A Roadside Stand Notes | Question Answer


Discover ‘A Roadside Stand Notes, Class XII,’ a comprehensive guide featuring all textual and essential additional questions, crafted in clear and simple language to aid students’ understanding and preparation.

A Roadside Stand Notes

A Roadside Stand Question Solutions

A Roadside Stand Notes

(HS 2nd Yr English)

– Robert Frost

A Roadside Stand Question Solutions

A Roadside Stand Notes | Question Answer

(Textual Question Solutions)

(Think it out).  Each bearing 2 Marks

Q.1. The city folk who drove through the countryside hardly paid any heed to the roadside stand or to the people who ran it. If at all they did it was complain. Which lines bring this out? What was their complaint about?

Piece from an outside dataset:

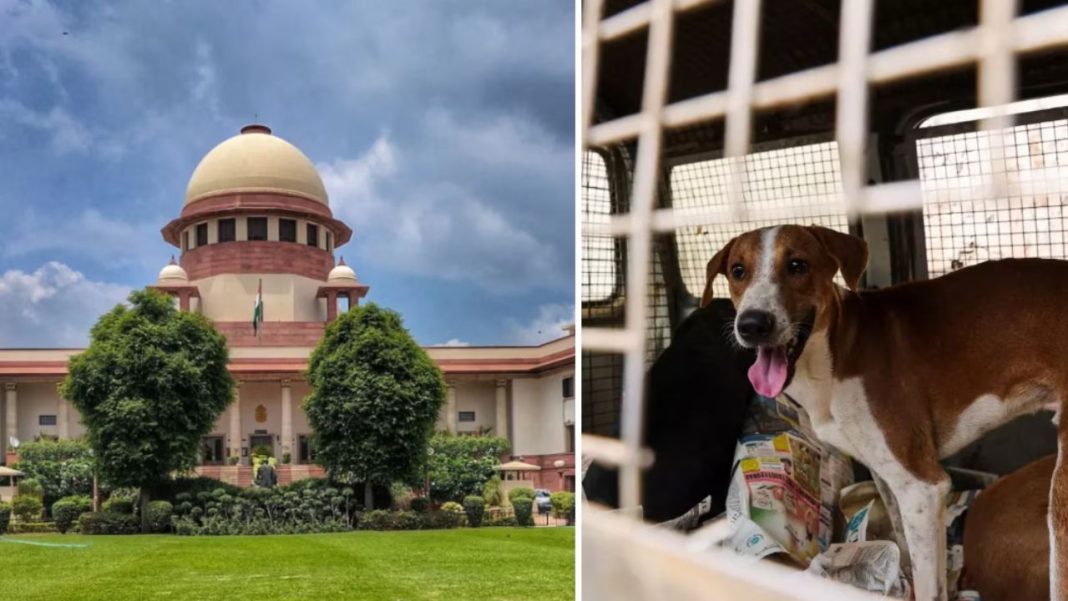 Stray Dog Menace: Supreme Court Reserves Order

Ans: The following lines bring out the complaint of the city folk:

“Or if ever aside a moment, then out of sorts

At having the landscape marred with the artless paint

Of signs that with N turned wrong and S turned wrong.”

The city folk complained that the artless paint of the roadside stand had spoilt the beauty of the entire place.

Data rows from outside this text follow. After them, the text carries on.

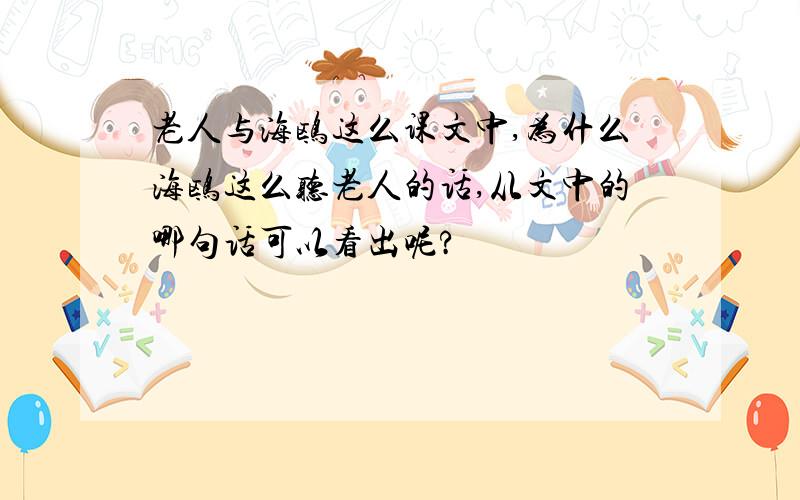 老人与海鸥这么课文中,为什么海鸥这么听老人的话,从文中的哪句话可以看出呢?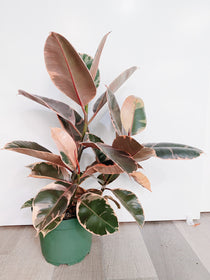 Ficus Elastica Ruby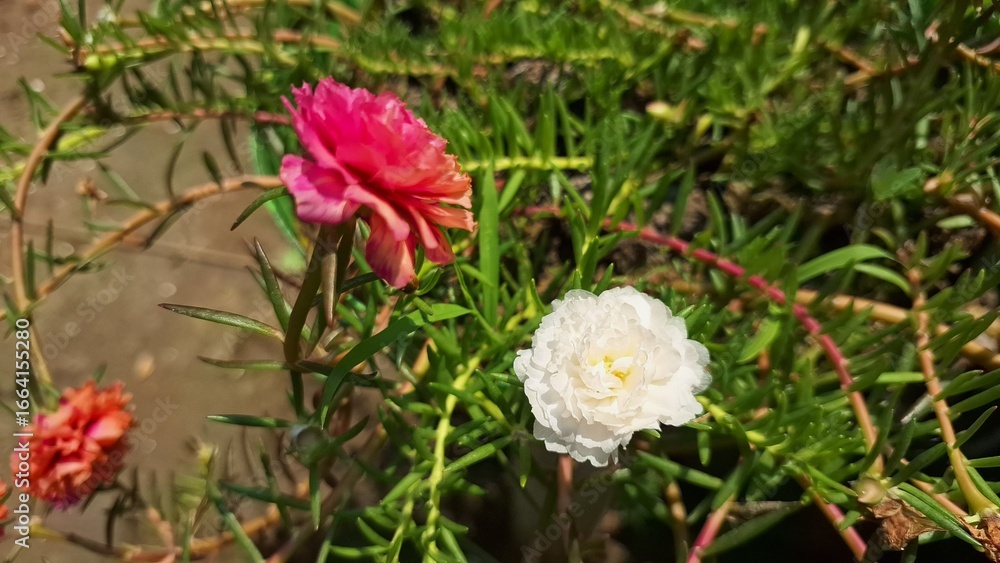 Obraz premium Macro Portulaca grandiflora white and pink Flower Blooming, Succulent Moss Rose Sun Rose Purslane Plant in Garden with Natural Background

2. What was the plea of the folk who had put up the roadside stand?

Ans: The folk who had put up the stand on the roadside were poor farmers. They hoped, the people, passing by in vehicles, to stop and buy something from their items so that they could earn some money from them.

3. The Government and other social service agencies appear to help the poor but actually do them no good. Pick out the words and phrases that the poet uses to show their double standards.

Ans: The Government and the party in power were indifferent to the welfare of the poor rural people. No social service agencies were doing any good to them.

The words and phrases that the poet uses to show their double standards are:

‘While greedy good-doers, beneficient beasts of prey,

Swarm over their lives enforcing benefits

That are calculated to soothe them out their wits.’

4. What is the ‘childish longing’ that the poet refers to? Why is it vain?

Ans: Like innocent children, the poor farmers wait all day long for some vehicles to come and stop to buy some food items from their stand. But it never happens. In this way, their childish longing goes on in vain.

5. Which lines tell us about the insufferable pain that the poet feels at the thought of the plight of the rural poor?

Ans: The lines that tell us about the insufferable pain of the poor are-

”I wonder how I should like you to come to me

And offer to put me gently out of my pain.”

A Roadside Stand Notes | Question Answer

(Additional Question Solutions)

Short Answer type Questions. (Each bearing 2 Marks)

Q.1. What is the news?

Ans: The news is that the poor people who live in pitiable conditions should be brought together with their belongings and they should be made to live in the village next to the theatre and the store.

Q.2. How does the traffic pass?

Ans: The traffic passes by the roadside stands without stopping there. They drive their vehicles ahead without noticing the roadside stands.

Q.3. Name some of the things that the roadside stands to offer to sell.

Ans: The names of some things that the roadside stands offer to sell are – wild berries and golden squash.

Q.4. According to the poet, what will give a relief to the poet?

Ans: The poet thinks that the release of the poor rural people from their state of sorrow and misery will give great relief to the poet. All should come out with a helping hand to the poor.

Q.5. Who has betrayed the village poor people?

Ans: The party in power has betrayed the village people.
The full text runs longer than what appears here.